Rare Rides: The 1952 Siata Daina - a Mysterious Coupe

Corey Lewis
by Corey Lewis

Today’s Rare Ride is one of those cars where your author had heard of neither marque nor model before encountering a sale listing. A luxurious early Fifties coupe of Italian origin and simple, elegant coachwork, this Daina is one of six remaining worldwide.

The Siata name was an Italian acronym, which translated stood for Italian Car Transformation Accessories Company. Formed in 1926 by racing driver Giorgio Ambrosini, the company first produced performance parts for various Fiats. With a solid business foundation, Siata entered into complete automobile production after the conclusion of WWII.

Through its history Siata produced eight different models, all of which qualify as Rare Rides. Though Siata produced some beautiful cars, the company took a turn after the early Sixties. At that point it conducted market research focused on Italian youths. The youths responded that they wanted a roadster with corny, almost neoclassical styling. Thus Siata’s swan song, the Spring, was introduced in 1968. The single model offering sustained Siata only through 1970, when the company folded. Assets were sold to an organization called ORSA, which was promptly crushed by the oil crisis of 1973. Spring production ended in 1975, and Siata was gone for good. Let’s return to Daina.

Daina was the longest-lived model in Siata’s stable, entering production in 1950. Available in coupe or cabriolet guises, bodies were bespoke affairs designed by Stabilimenti Farina, Bertone, and other smaller Italian design firms. Underneath the Daina, Siata stuck to its core competency: It was a very heavy modification of the Fiat 1400, a common small family car that also debuted in 1950.

For a start, Siata chopped 10 inches from the Fiat’s wheelbase and strengthened the frame. It then borrowed three different engines from Fiat (of 1.4, 1.5, and 1.8 liters) and developed new valve heads, manifolds, carburetors, and borrowed the occasional exhaust system from well-known Fiat tuner Abarth. Transmissions were manual, and had either four or five speeds. Such details were all negotiable, depending on customer desires. The front suspension was independent, with a live axle at the rear. Brakes were drums at all corners.

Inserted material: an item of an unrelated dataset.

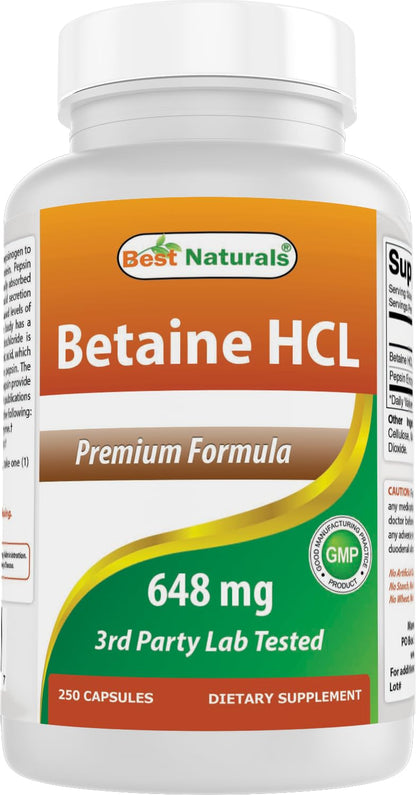 Best Naturals Betaine HCL 648 mg 250 Capsules - Non-GMO & Gluten Free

Siata took the Daina racing, as was intended from the start. Cars participated in the Mille Miglia and the International Grand Prix. They also raced at Sebring, and in 1952, a 1.5-liter Daina Grand Sport placed first in its class, and third overall.

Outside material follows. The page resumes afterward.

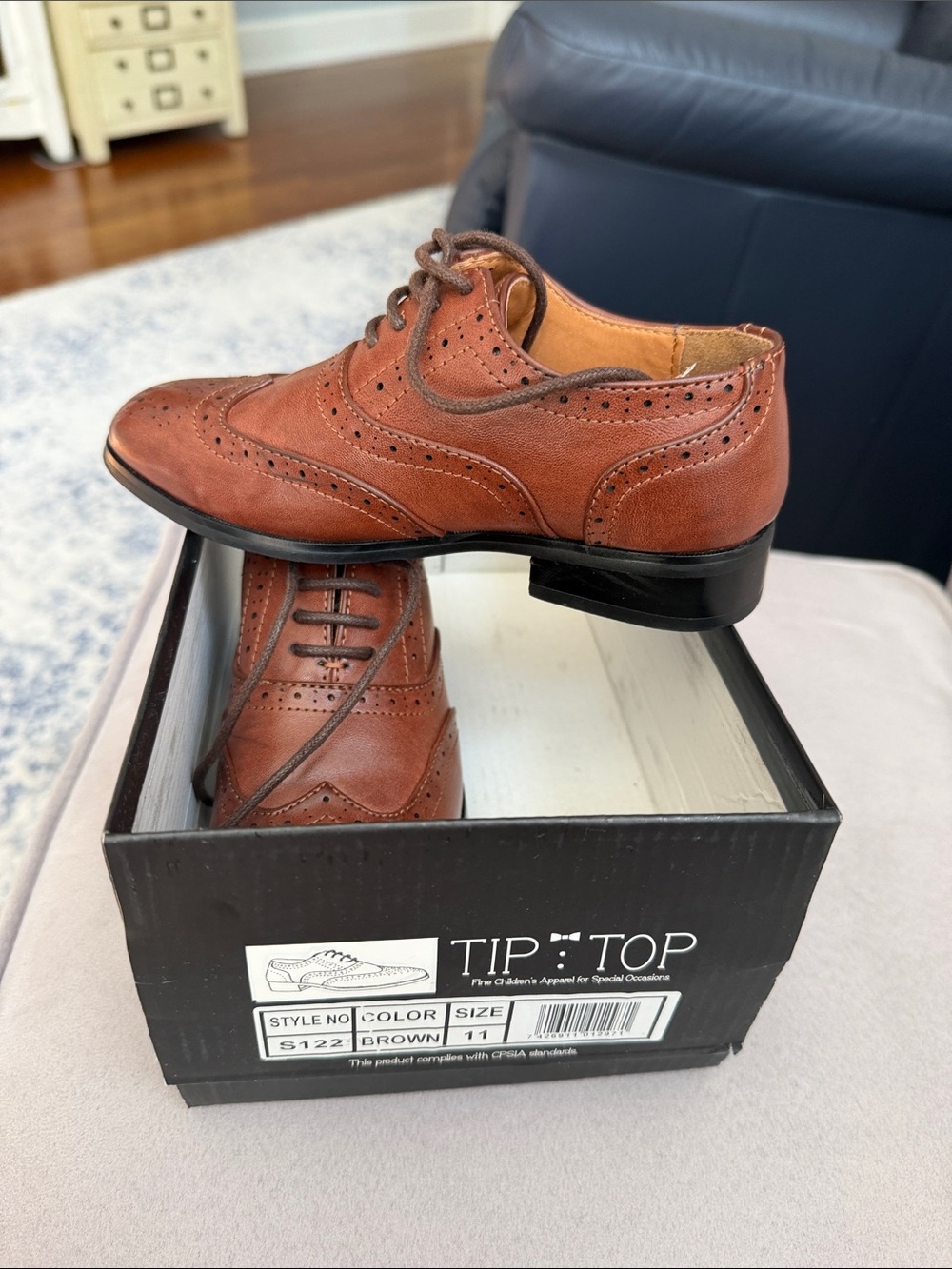 Kids Brown Wingtip Dress Shoes - Classic Lace-Up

Daina production was incredibly slow. The model’s full run from 1950 to 1958 saw about 50 completed cars, most of which were built before 1953. Of the 50, the majority were of the Gran Sport (cabriolet) type, while only 20 Sports (coupes) were completed.

Our subject’s coupe body was sourced from Stabilimenti Farina, a coachwork firm founded by Giovanni Farina. Giovanni employed his younger brother Battista in the early days, who stuck with the car building thing when he founded Pininfarina in 1930. Pietro Frua worked there too. Important place!

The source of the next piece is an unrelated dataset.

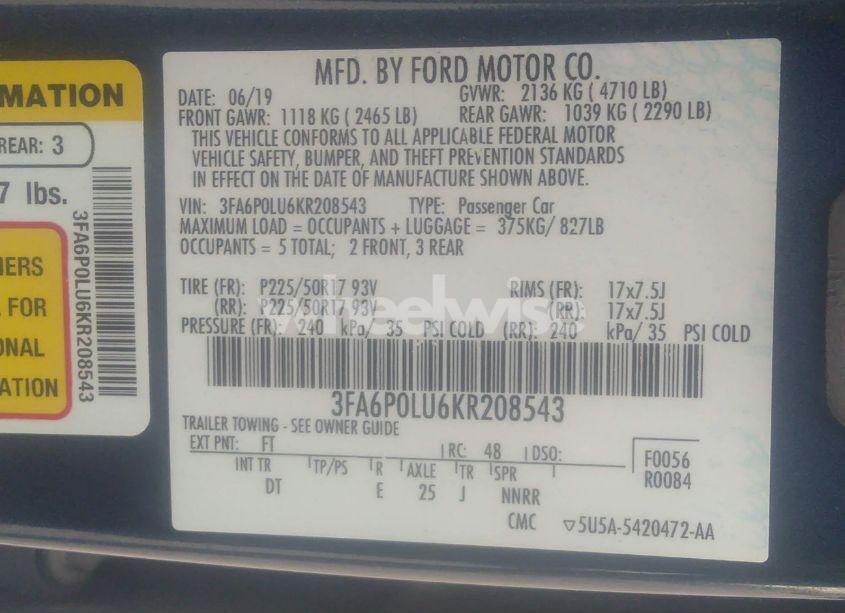 Photo 9 of 2019 Ford Fusion HYBRID SE (VIN 3FA6P0LU6KR208543)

Already fully restored, this sparkling navy blue Daina is one of six Sports remaining globally. It asks $187,800 in Germany.

[Images: seller]

Corey Lewis
Corey Lewis

Interested in lots of cars and their various historical contexts. Started writing articles for TTAC in late 2016, when my first posts were QOTDs. From there I started a few new series like Rare Rides, Buy/Drive/Burn, Abandoned History, and most recently Rare Rides Icons. Operating from a home base in Cincinnati, Ohio, a relative auto journalist dead zone. Many of my articles are prompted by something I'll see on social media that sparks my interest and causes me to research. Finding articles and information from the early days of the internet and beyond that covers the little details lost to time: trim packages, color and wheel choices, interior fabrics. Beyond those, I'm fascinated by automotive industry experiments, both failures and successes. Lately I've taken an interest in AI, and generating "what if" type images for car models long dead. Reincarnating a modern Toyota Paseo, Lincoln Mark IX, or Isuzu Trooper through a text prompt is fun. Fun to post them on Twitter too, and watch people overreact. To that end, the social media I use most is Twitter, @CoreyLewis86. I also contribute pieces for Forbes Wheels and Forbes Home.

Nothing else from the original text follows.